**WHAT THE TASK ASKS:**
Restate word for word the lines of the listing below, from its first line through the line with "Is the Kodak", without the pictures.

**RECORDS SUPPLIED:**
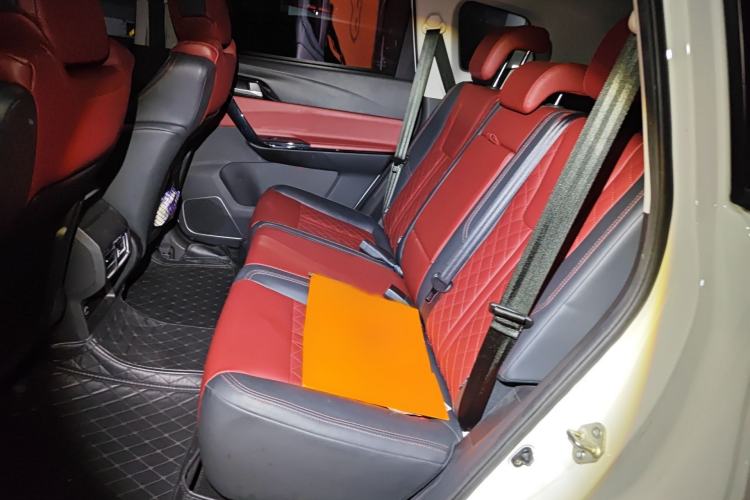 Used FORTHING T5 2018 300T DCT Smart Version Interior 4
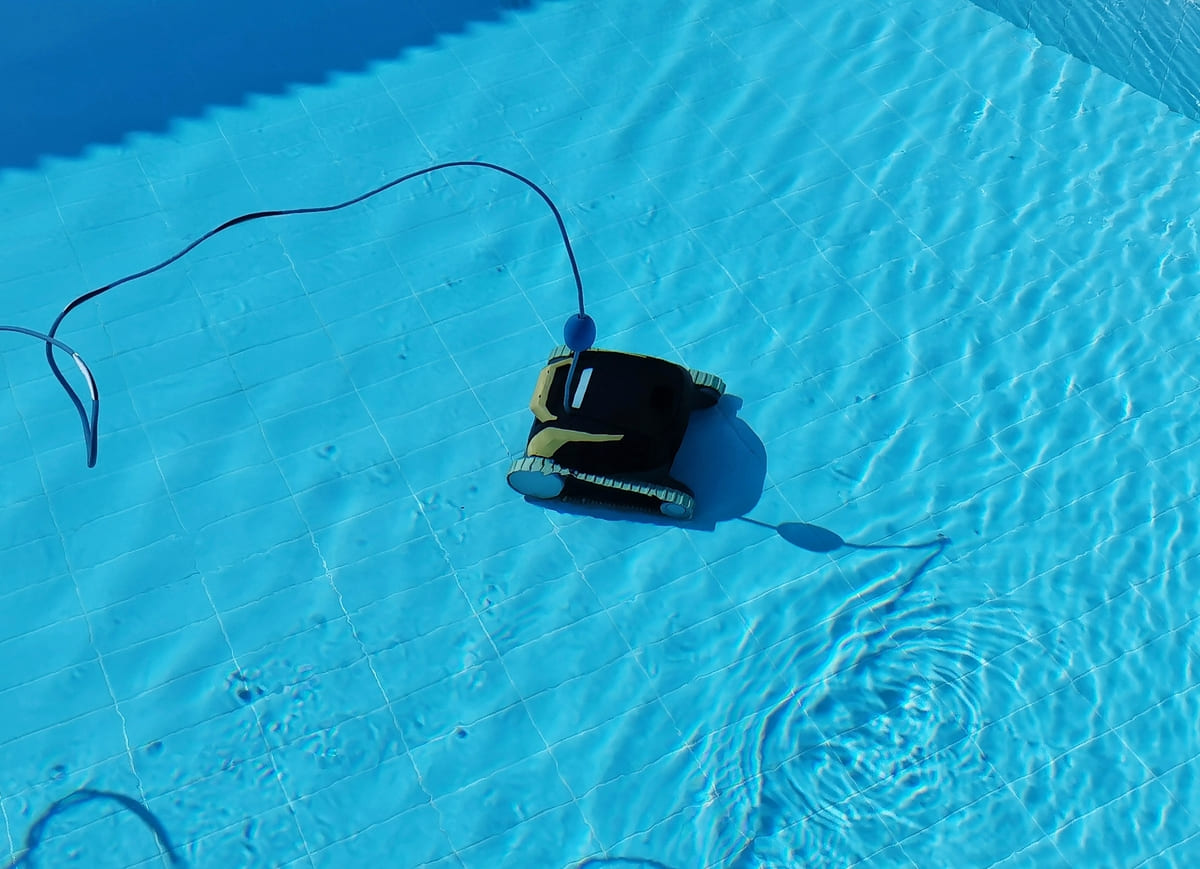 The Best Robotic Pool Cleaners - ePoolSupply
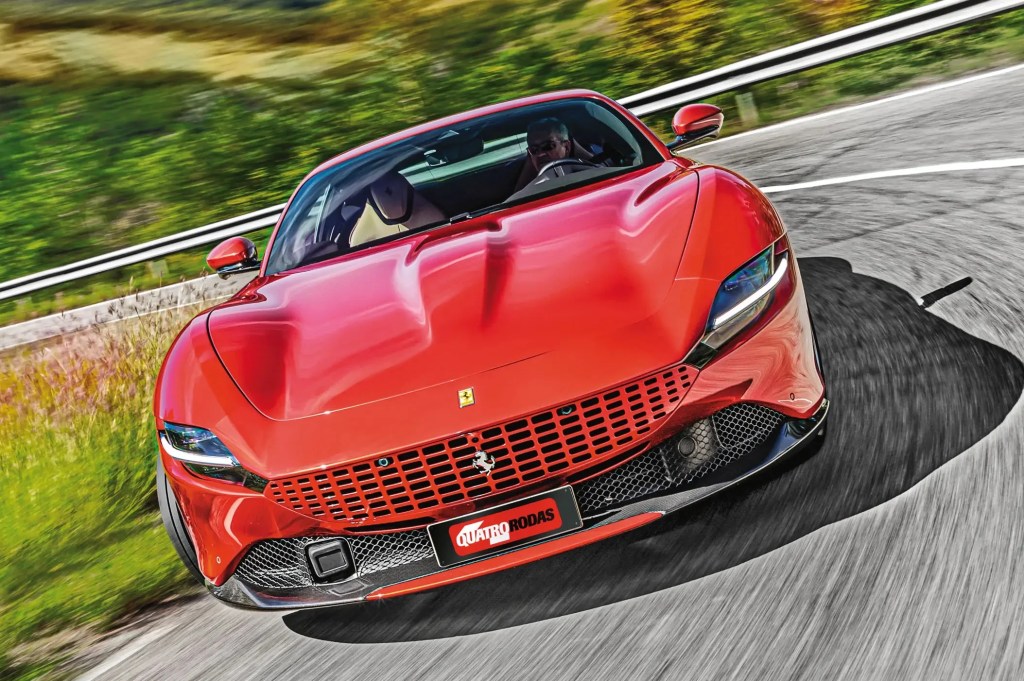 Lamborghini e Ferrari registram novos recordes de vendas em 2022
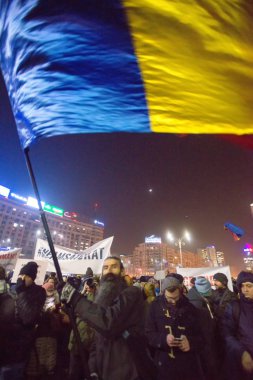 Bucharest, Romanya - Ocak 2017: Bin kişi hükümetin planı için af binlerce mahkumların protesto etmek için Çarşamba gecesi ile Romen başkentinin yürüdü.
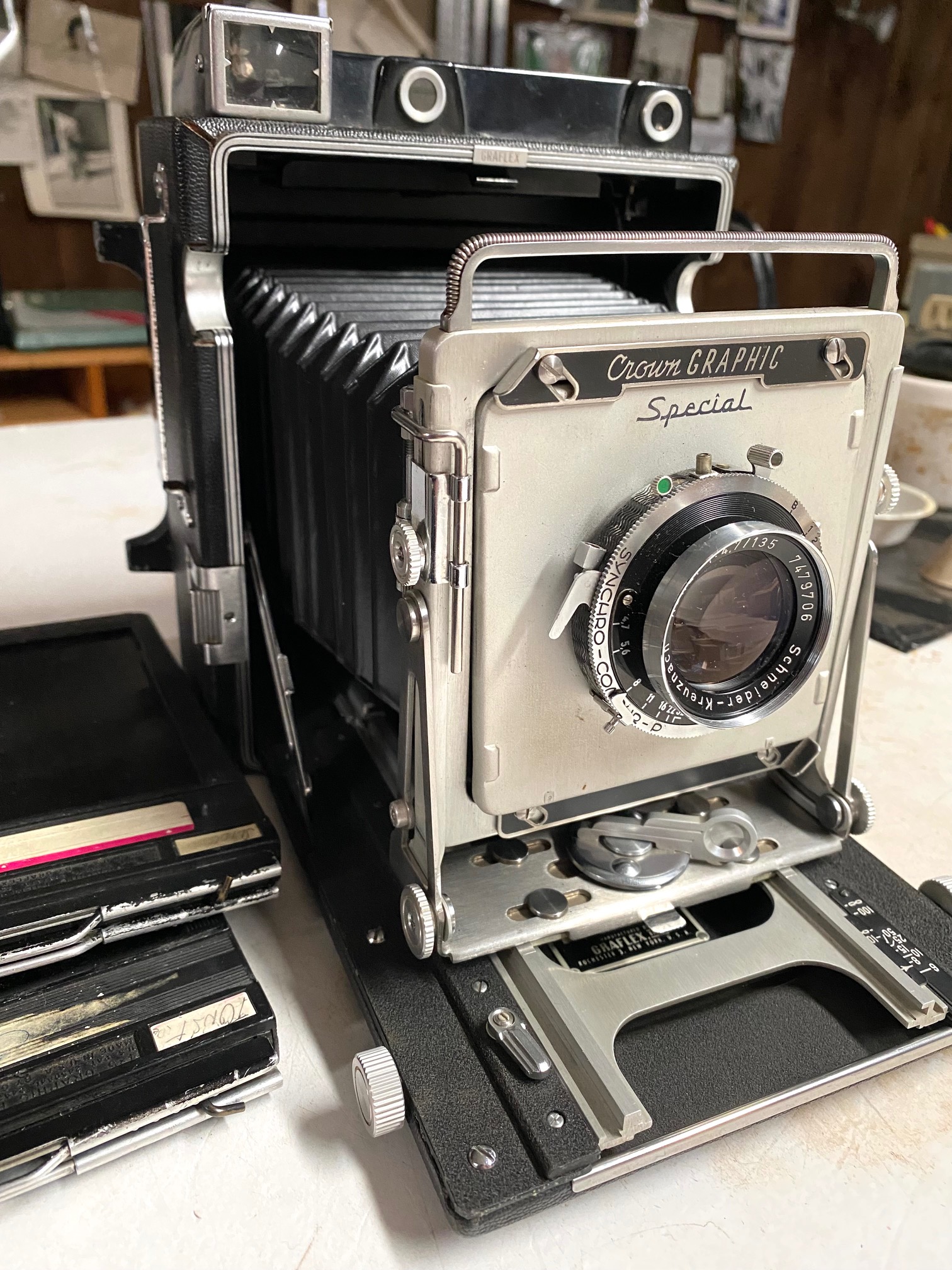 Is the Kodak Ektar 127/4.5 lens a good choice for a Graflex Crown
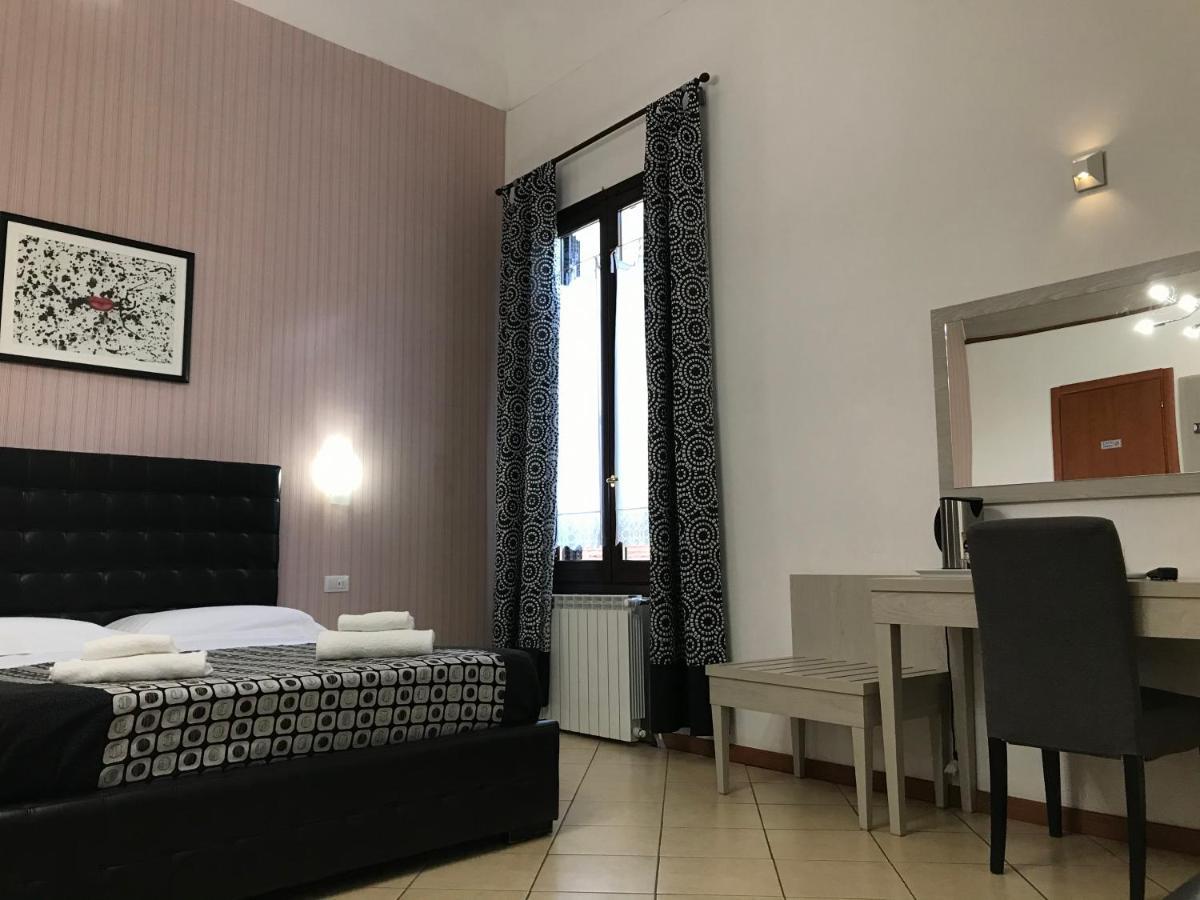 Gjestgiverier Adelaide House Firenze
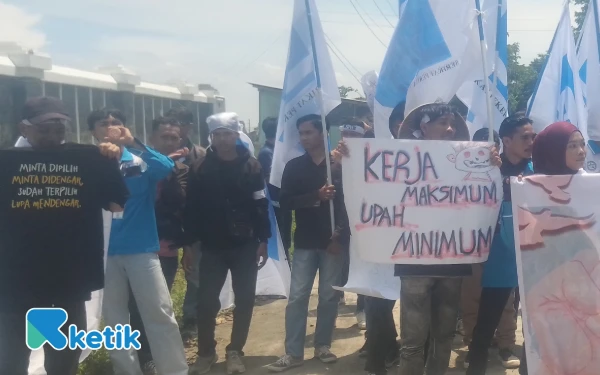 Thumbnail Berita - Buruh Brebes Geruduk Kantor Bupati Tuntut Kenaikan UMK Sebesar 55 Persen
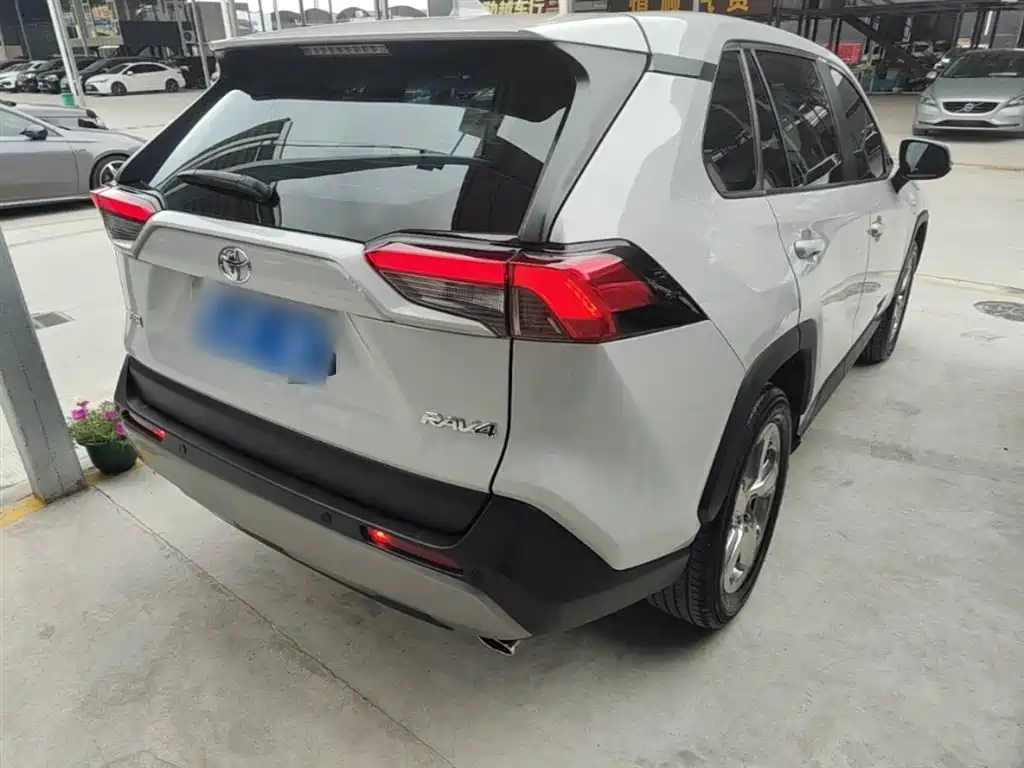 Toyota RAV4 Rongfang 2021 2.0L CVT 2WD Trend фото 7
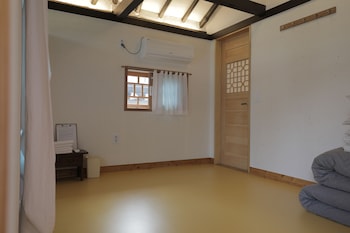 bonghwangjae hanok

**RESPONSE TO THIS EXERCISE:**
 Used FORTHING T5 2018 300T DCT Smart Version Interior 4
 The Best Robotic Pool Cleaners - ePoolSupply
 Lamborghini e Ferrari registram novos recordes de vendas em 2022
 Bucharest, Romanya - Ocak 2017: Bin kişi hükümetin planı için af binlerce mahkumların protesto etmek için Çarşamba gecesi ile Romen başkentinin yürüdü.
 Is the Kodak Ektar 127/4.5 lens a good choice for a Graflex Crown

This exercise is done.